» YOUR TASK
Only the lines from the line containing "Trikot Weiss (Nr. und Name individuell)" through the final line of the entries should be printed, exactly as given, with the pictures left out.

[Caption-style text data]
↓

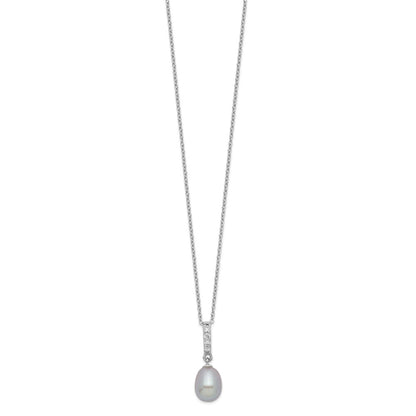 Sterling Silver Rhod-Plat 8-9mm Grey Fwc Pearl Cz Necklace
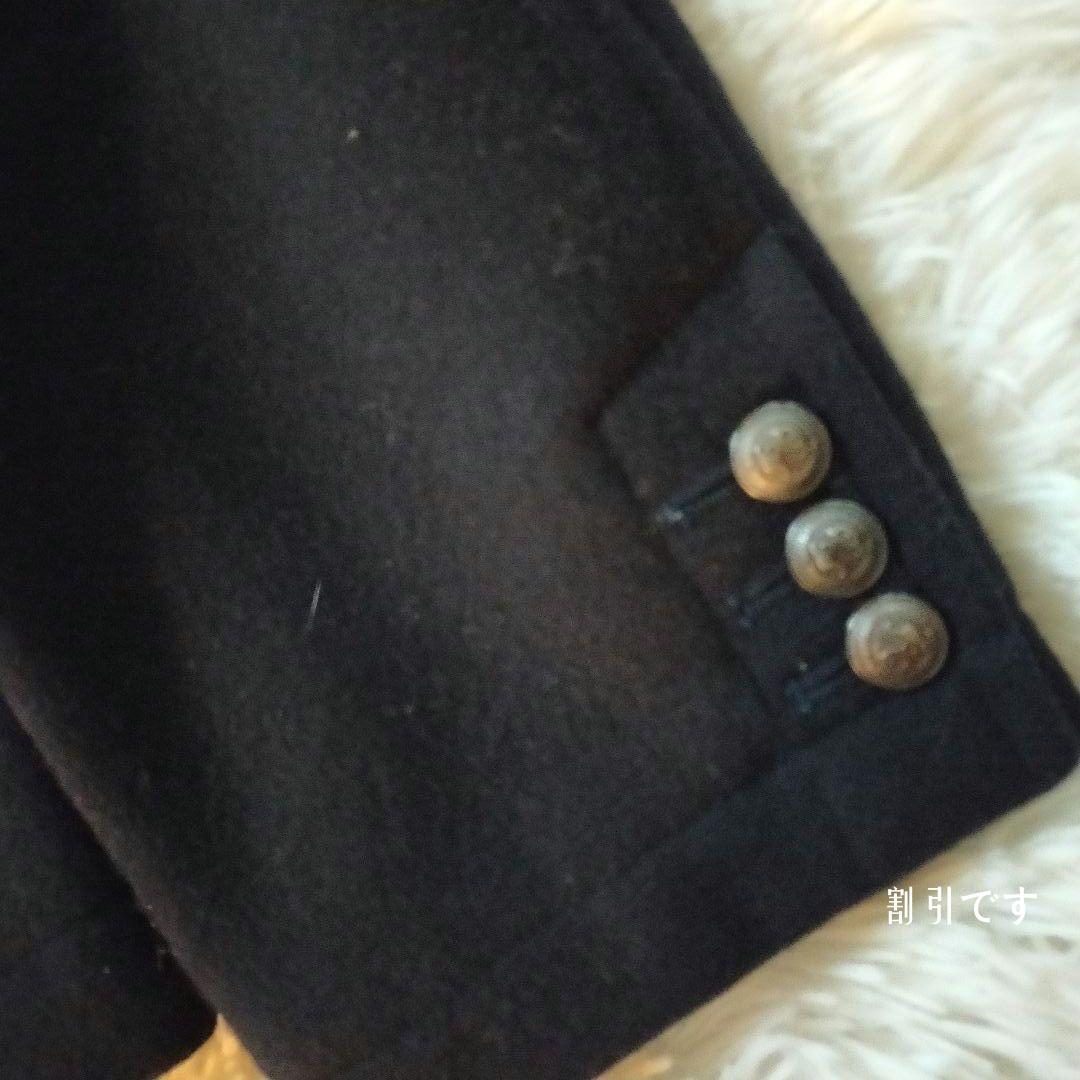 ダヴィットモルソー　ウール素材ピーコート　Pコート　黒ブラック　おしゃれボタン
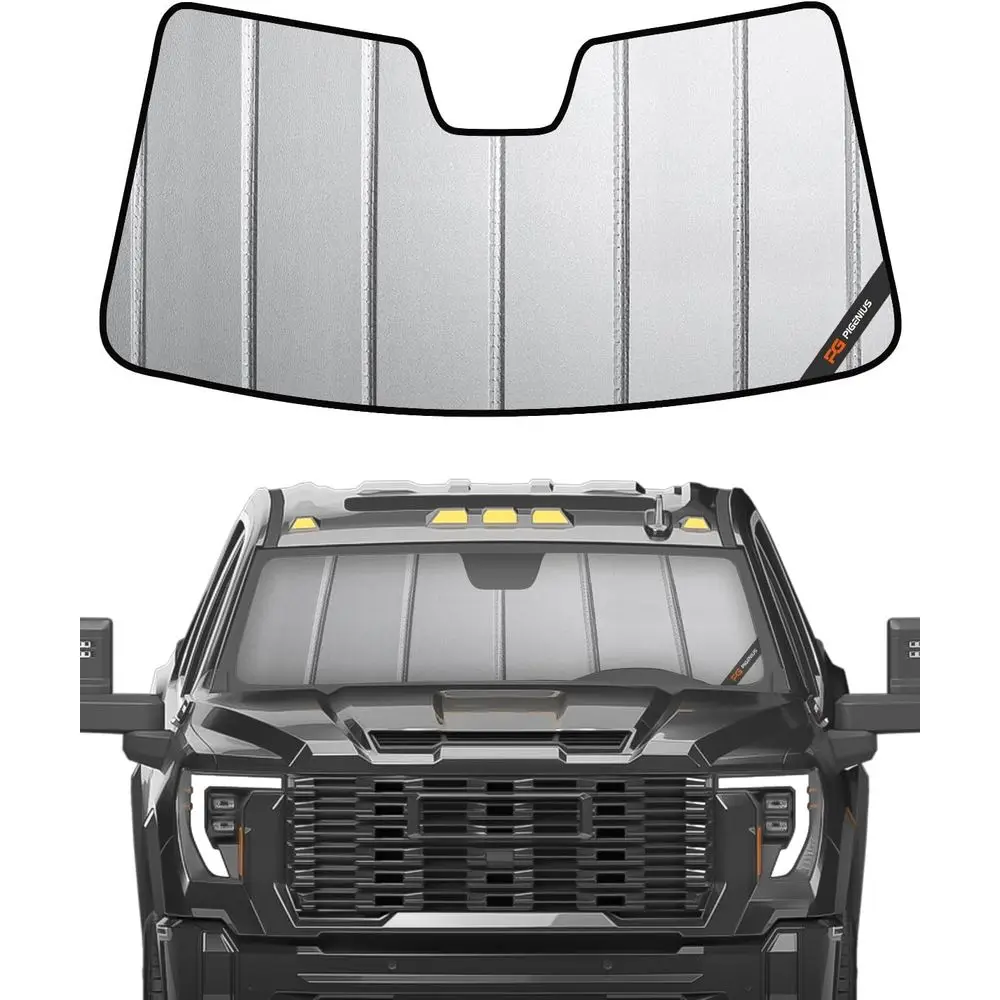 

Sun Shade Custom fits Chevy Silverado/GMC Sierra 1500 2019-2025 & 2500/3500 HD 2020-2025 New Body Style Only - Not for 2019 LD/L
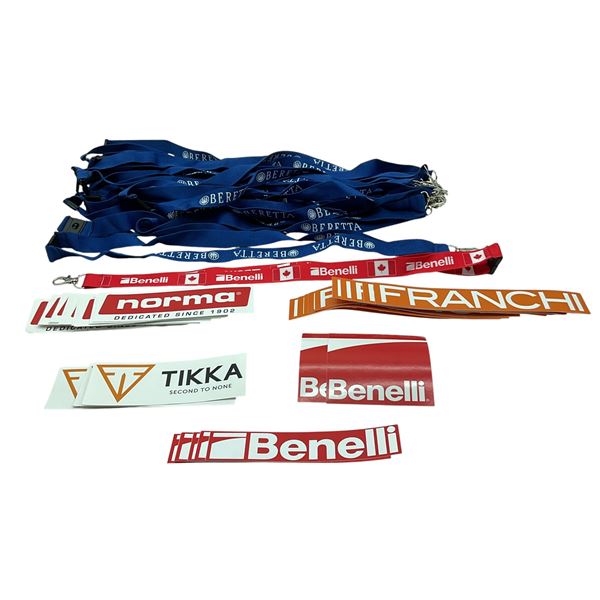 Assorted Beretta, Tikka, Franchi and Benelli Swag, Includes Lanyards and Stickers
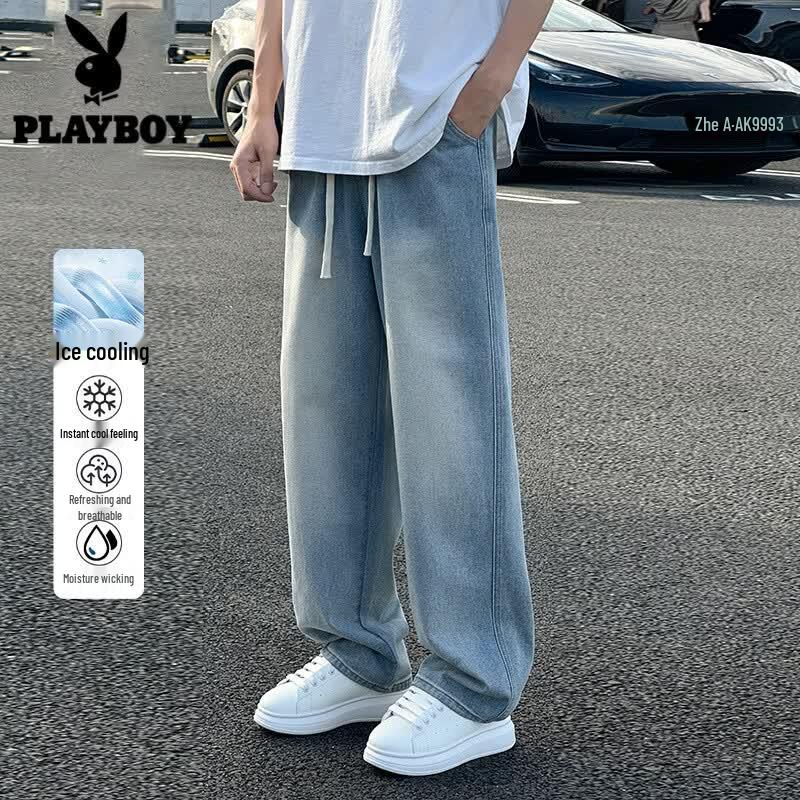 PLAYBOY Men s Summer Loose Straight Washed Jeans L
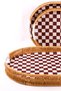 3-Piece Oval Fabric-Lined Wicker Tray Set - Wicker Color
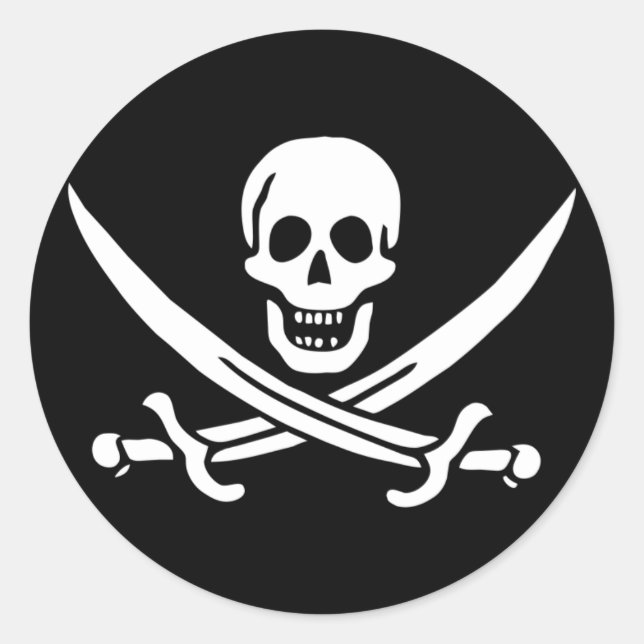 Piratenflagge Piratenflaggenaufkleber Runder Aufkleber (Vorderseite)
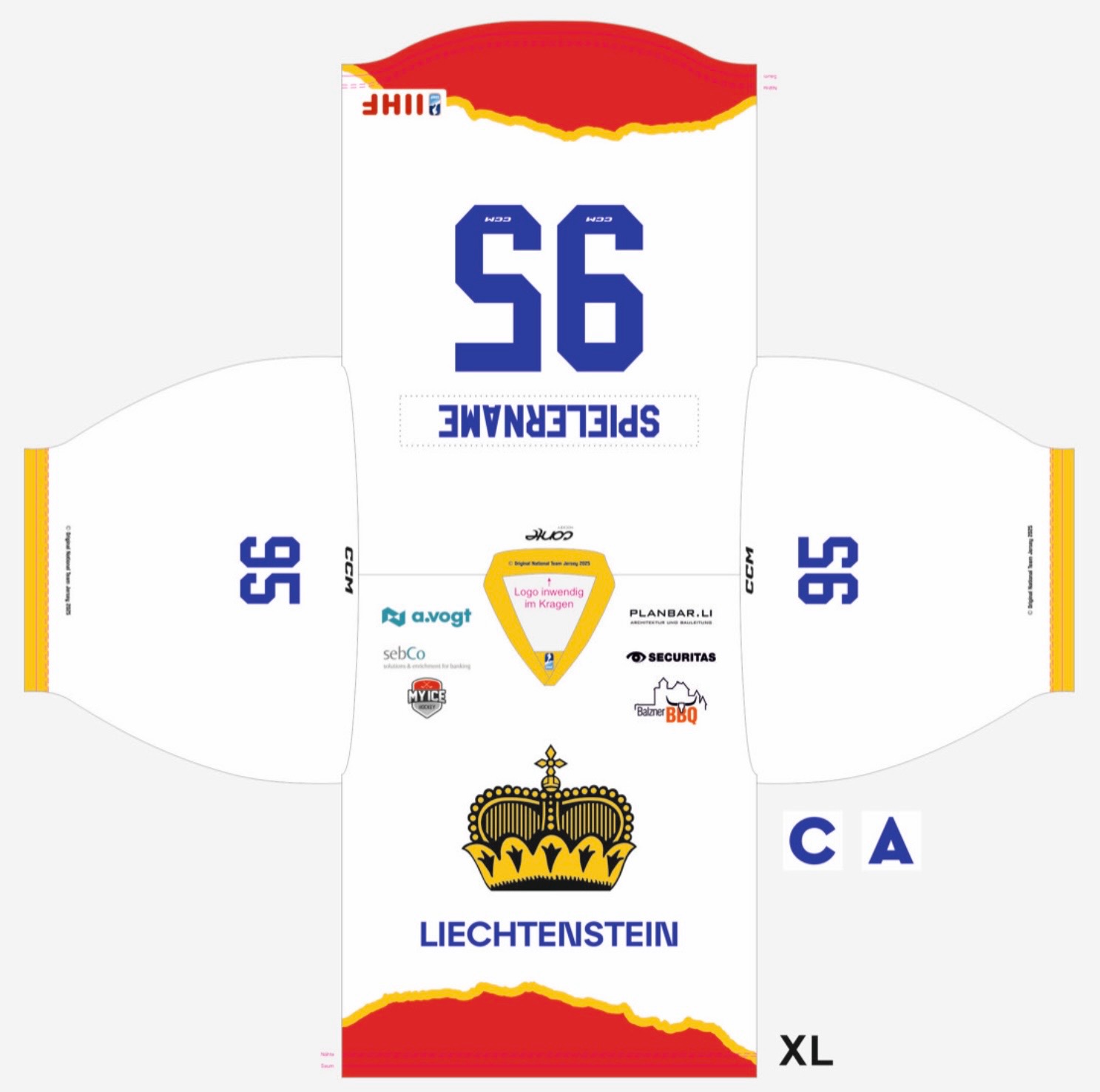 Trikot Weiss (Nr. und Name individuell)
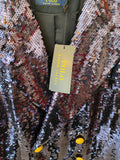 Pre Loved Ralph Lauren Sequin Navy Blue Blazer US 8, UK12 (new)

↑

» ANSWER TO THIS PROBLEM
 Trikot Weiss (Nr. und Name individuell)
 Pre Loved Ralph Lauren Sequin Navy Blue Blazer US 8, UK12 (new)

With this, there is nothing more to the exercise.